El triunfo de una
propuesta claramente de derecha, neoliberal a ultranza como la reciente de
Mauricio Macri puede hacer pensar que el electorado involuciona. Pero, ¿acaso
se puede esperar algo realmente distinto de este sistema electoral? ¿Puede
haber cambios profundos y sostenibles verídicos en el medio de este marco
“democrático”?
Marcelo
Colussi / Para Con Nuestra América
Desde Ciudad de Guatemala
En Argentina, en las
recientes elecciones parlamentarias, la derecha gana dando una paliza. La
opción electoral por posiciones de derecha se sucede por doquier: en Estados
Unidos la población vota por el representante más troglodita, en Europa avanzan
las propuestas con sabor xenofóbico y conservador, en general se ve que los
electorados optan por partidos que no son de izquierda precisamente. ¿Por qué
la derecha triunfa en las elecciones? Así formulada, la pregunta daría a
entender una honda preocupación, pues supone que eso es algo así como un error
inesperado, una aberración. ¡La derecha no debería ganar!
Ahora bien: si se
profundiza un poco, allí puede encontrarse, más que nada: ingenuidad. ¿Quién
dijo que los votantes irían a votar por la izquierda? ¿Acaso la izquierda tenía
garantizado el triunfo en algún lugar?
Todo eso lleva a pensar
en lo que ha venido sucediendo en estas tres o cuatro últimas décadas en todo
el mundo a nivel político-ideológico.
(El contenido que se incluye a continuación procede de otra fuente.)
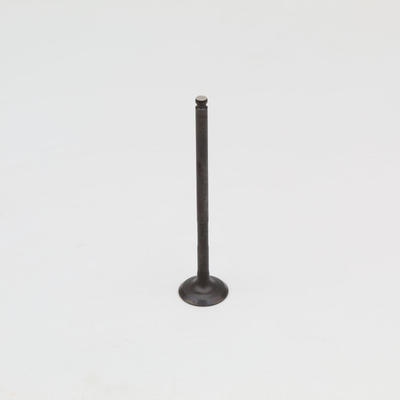 Steel Exhaust Valve ad. YAMAHA 125 X-Max 06-16/X-City 08-12/YZF-R 08-18/MT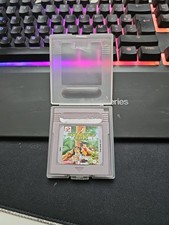 Stranded Kids Survival Kids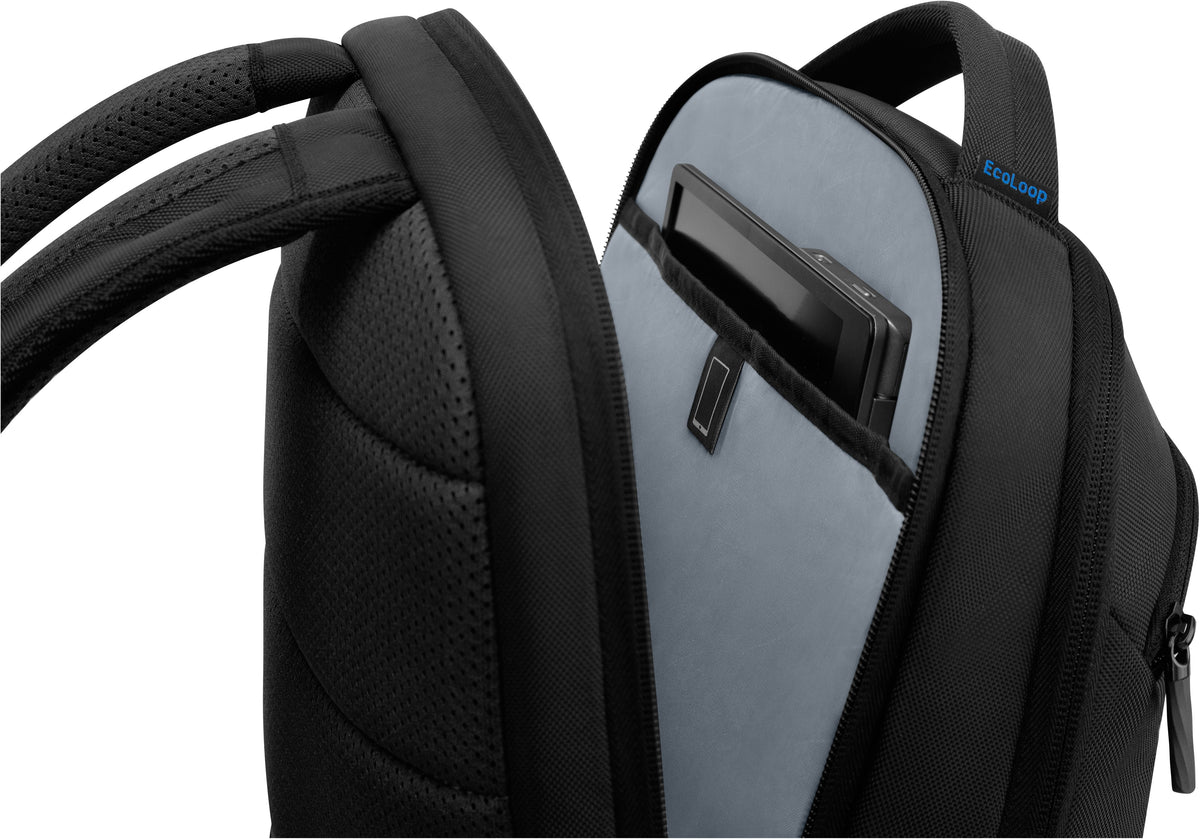 Mochila  DELL ECOLOOP PRO - Vista 7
El avance de distintos movimientos
populares contestatarios para los años 60 y 70 del pasado siglo (guerrillas de
izquierda, avance sindical, movimientos campesinos, procesos de liberación
nacional, Teología de la Liberación, movimientos antiguerra y anticonsumismo,
poderosos movimientos estudiantiles inconformes, revolución sexual, reivindicaciones
de las mujeres, etc.) trajeron como respuesta del sistema un golpe tremendo. En
Latinoamérica, las montañas de cadáveres y los ríos de sangre -enmarcados en la
Doctrina de Seguridad Nacional y combate al comunismo internacional- signaron
la época. El miedo y el silencio se adueñaron de las sociedades. Protestar (por
cualquier tema, no importa) pasó a ser mala palabra, peligroso, algo a
desechar. De esa forma pudo declararse con ampulosidad que “la historia había terminado”, lo que
marcaba el “fin de las ideologías”.
Habría que aclarar,
rápidamente: de la ideología de izquierda (al menos esa era la pretensión del
sistema, obviamente de derecha). Lo que se acalló -sangrientamente- fue
cualquier intento de modificación, de protesta con sabor a cambio. Las
sociedades, y no solo las latinoamericanas, sino que el fenómeno es mundial-
entraron en un letargo: levantar la voz salió de la agenda. Mucho más aún,
ciertos términos como socialismo, lucha de clases, revolución, explotación. “No
meterse en nada y cuidar el sacrosanto puesto de trabajo” se impuso como la
consigna básica, a seguirse con respeto (y temor) reverencial.
En ese marco,
acallándose las luchas, con el agravante de la caída de las primeras
experiencias socialistas (Unión Soviética, China), el campo popular en su
conjunto sufrió un severo retroceso. ¿Quién trabaja hoy solo 8 horas diarias?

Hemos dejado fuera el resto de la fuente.